═════ Records for processing
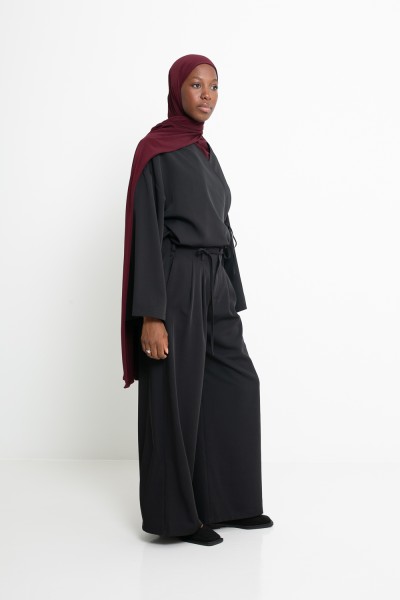 Black Seoul Pants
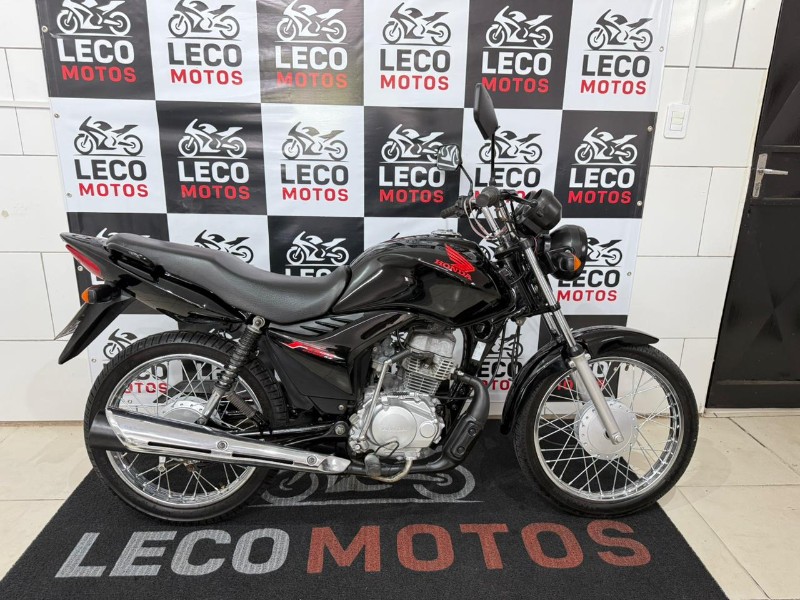 HONDA MOTOS FAN 125 KS 2011/2011 LECO MOTOS VENÂNCIO AIRES / Carros no Vale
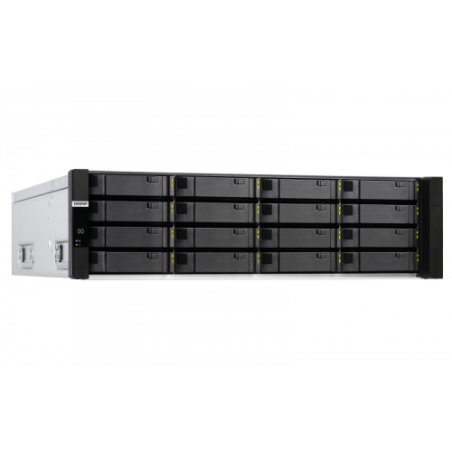 QNAP ES1686dc D-2142IT Ethernet Bastidor (3U) Negro NAS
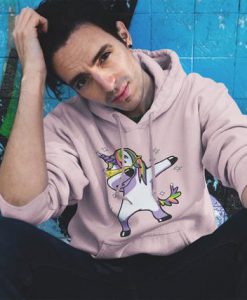 Unicorn Dabbing Hoodie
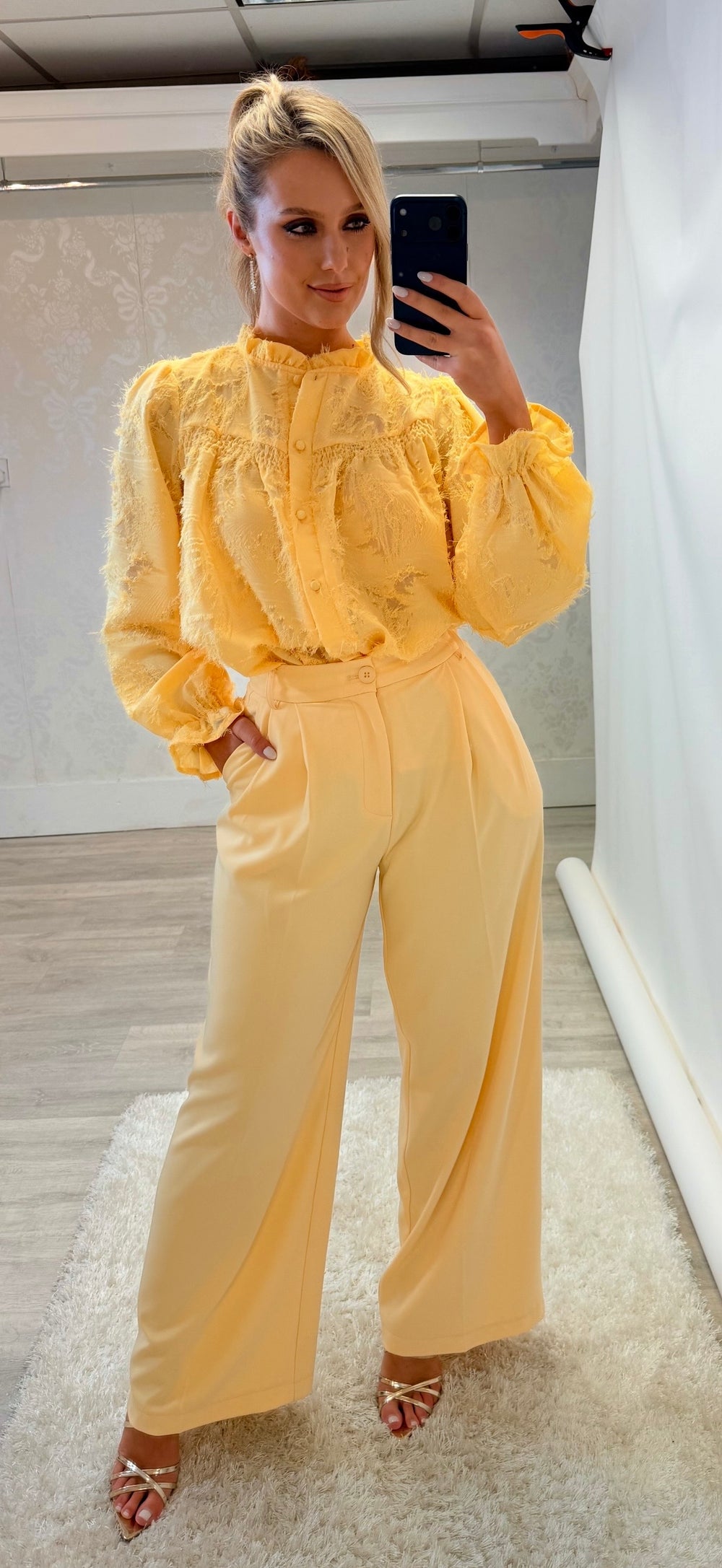 Lemon Pants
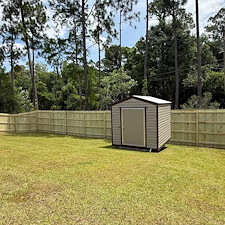 160-Foot-Wood-Privacy-Fence-Installation-in-Gulfport-Mississippi 2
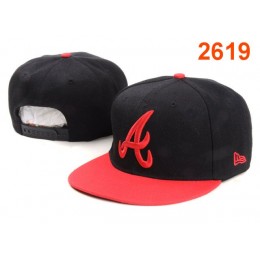Atlanta Braves MLB Snapback Hat PT149 Snapback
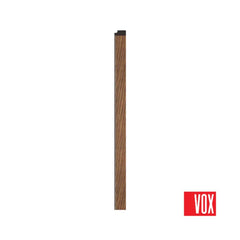 Vox R-Trim for Wall Panel Linerio M-Line 265cm - Mocca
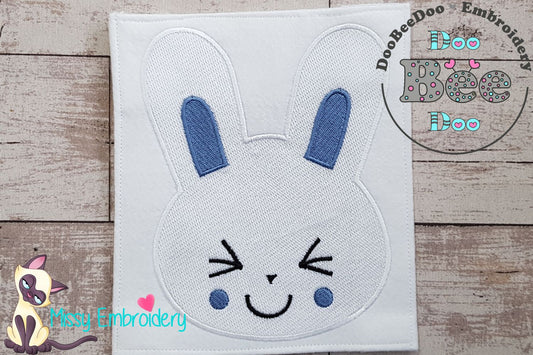 Easter Bunny - Fill Stitch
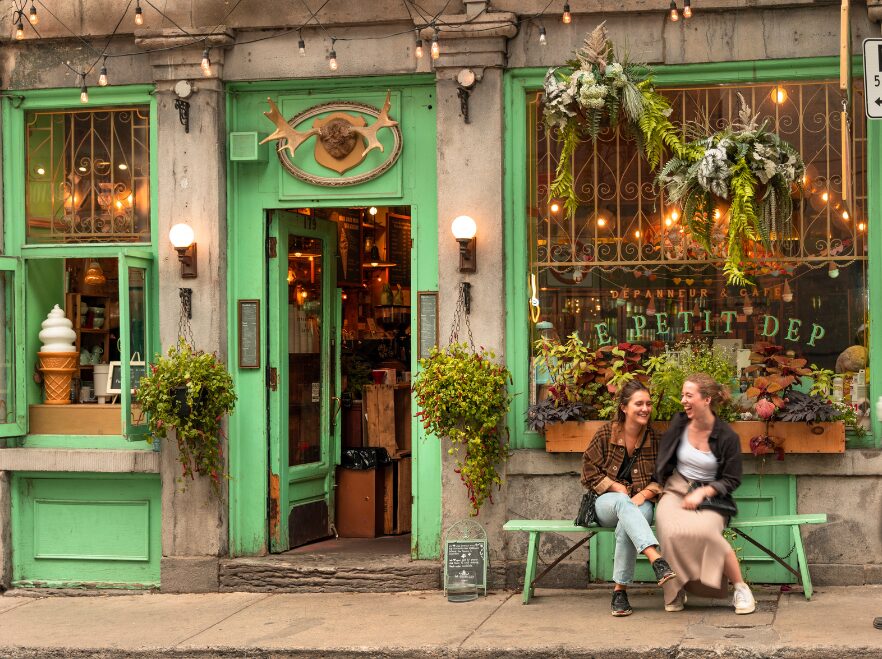 Café life in Montréal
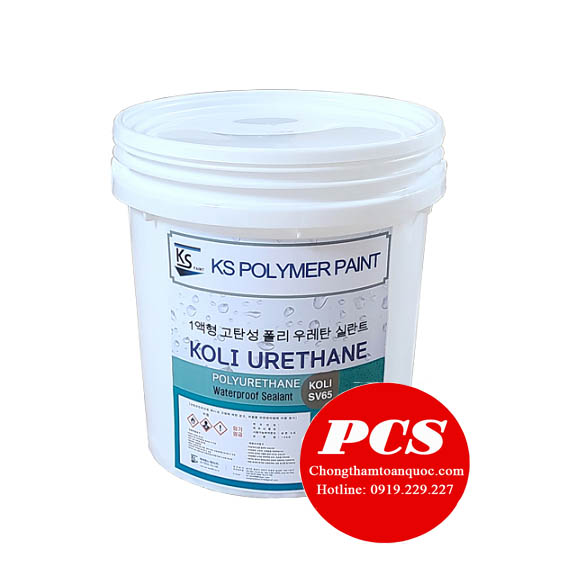 Keo trám khe nứt Koli SV65 gốc Polyurethane 1 thành phần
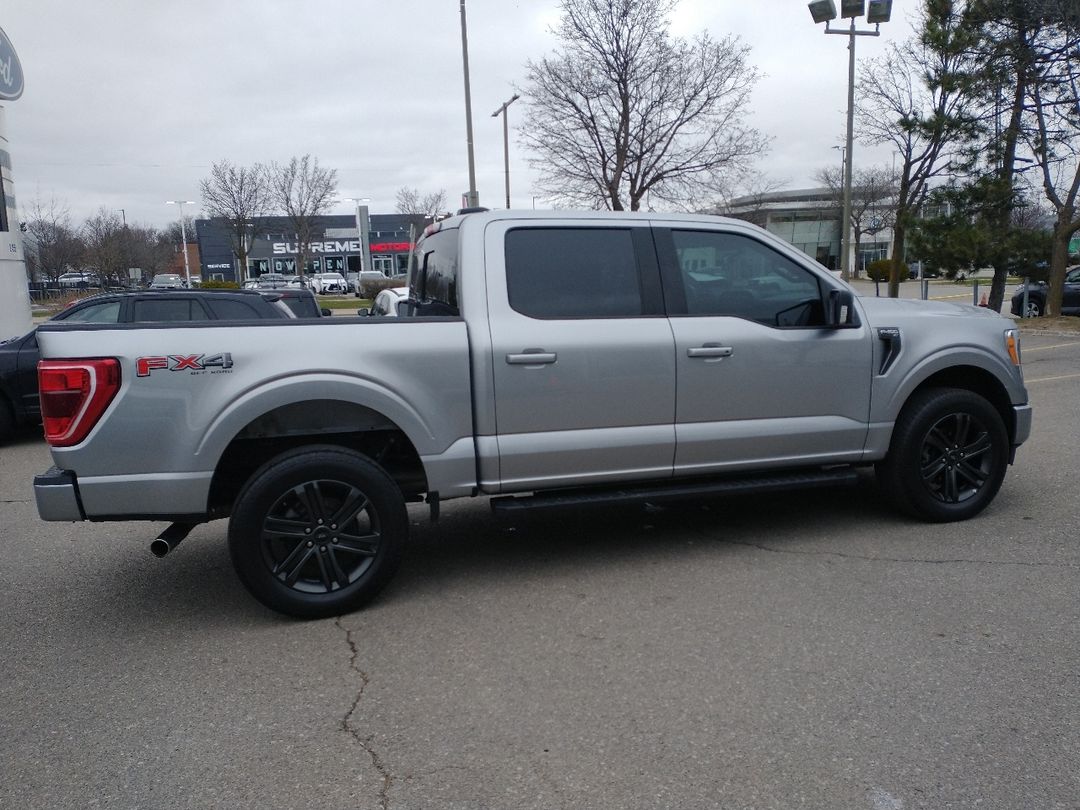 used 2022 Ford F-150 car, priced at $50,998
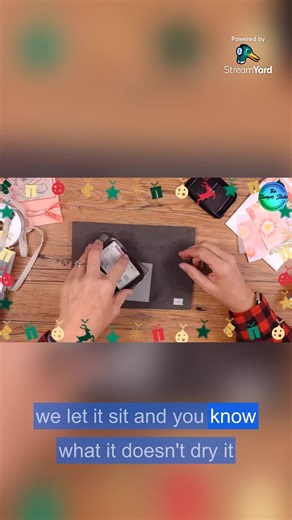 How to stamp on vellum without smudging | The Stamper Studio | Facebook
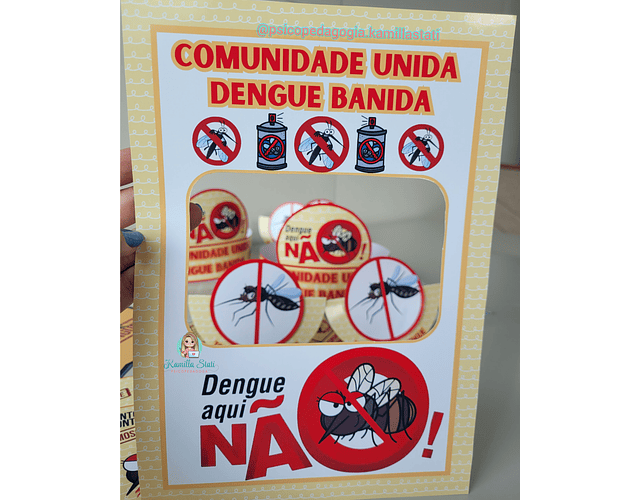 Arquivo Kit Sala Luta contra a Dengue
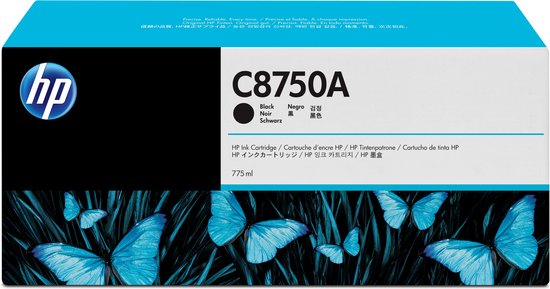 HP C8750A - Inktcartridge / Zwart (C8750A)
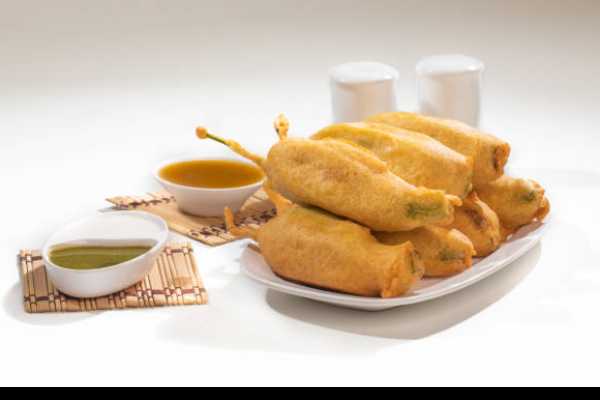 Stuffed Mirchi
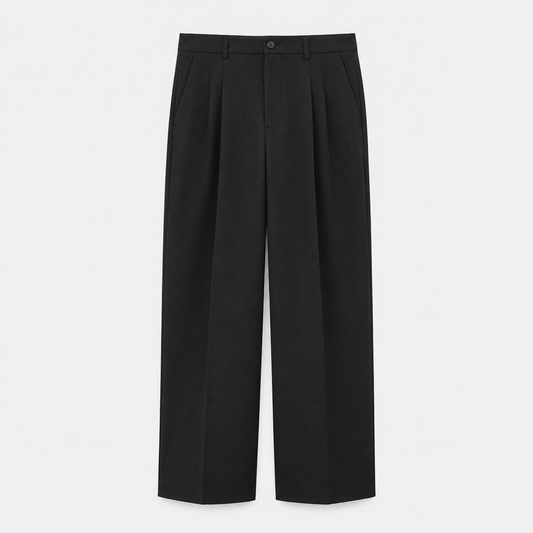 Pantalones Elegantes Anchos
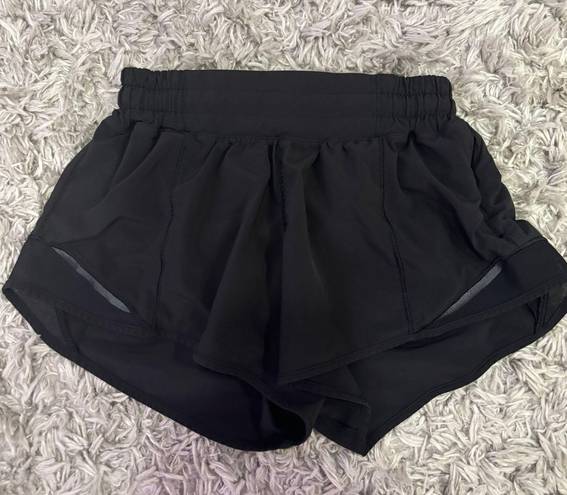 Lululemon Hotty Hot Short II 2.5” Black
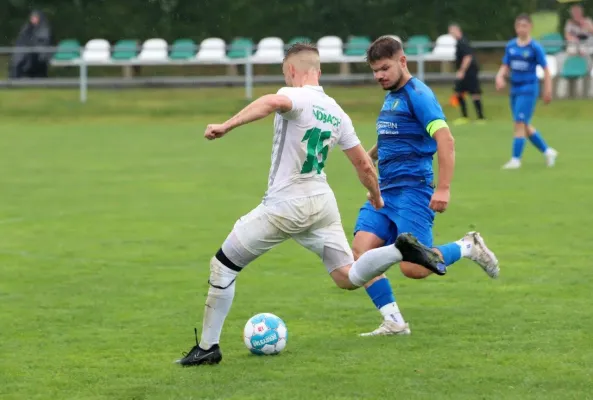 2. ST: SG SV Moßbach - Chemie Kahla II 1:0 (0:0)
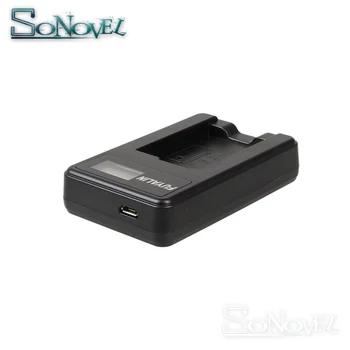 USB LCD Baterijos Įkroviklis NB-13L Canon PowerShot G1 X Mark III G5X G7X G7 X Mark II G9X Mark II SX620 SX720 SX730 SS CB-2LHT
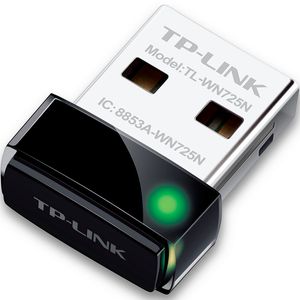 Red Inal - Adap. USB 150N Nano TL-WN725N TP-LINK WIFI 2.4Ghz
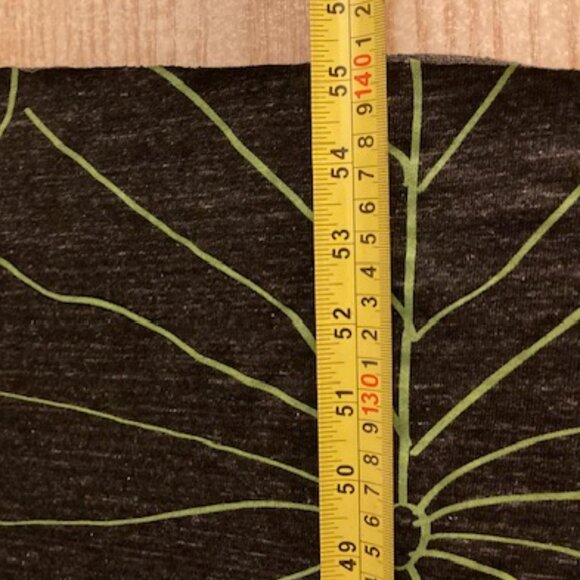 Kala Kanu O Ka Aina(Plants of the Land)Kalo Hawaii Maxi Dress Sleeveless Gray XL - Picture 15 of 16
══════════
→ **Activity**
In the listing above, find the line containing "Unicorn Dabbing Hoodie" and the line containing "Arquivo Kit Sala Luta contra a Dengue". Reproduce those lines and all between them exactly, with no pictures and nothing more.

→ **Exercise answer**
 Unicorn Dabbing Hoodie
 Lemon Pants
 160-Foot-Wood-Privacy-Fence-Installation-in-Gulfport-Mississippi 2
Atlanta Braves MLB Snapback Hat PT149 Snapback
 Vox R-Trim for Wall Panel Linerio M-Line 265cm - Mocca
 Easter Bunny - Fill Stitch
 Café life in Montréal
 Keo trám khe nứt Koli SV65 gốc Polyurethane 1 thành phần
 used 2022 Ford F-150 car, priced at $50,998
 How to stamp on vellum without smudging | The Stamper Studio | Facebook
 Arquivo Kit Sala Luta contra a Dengue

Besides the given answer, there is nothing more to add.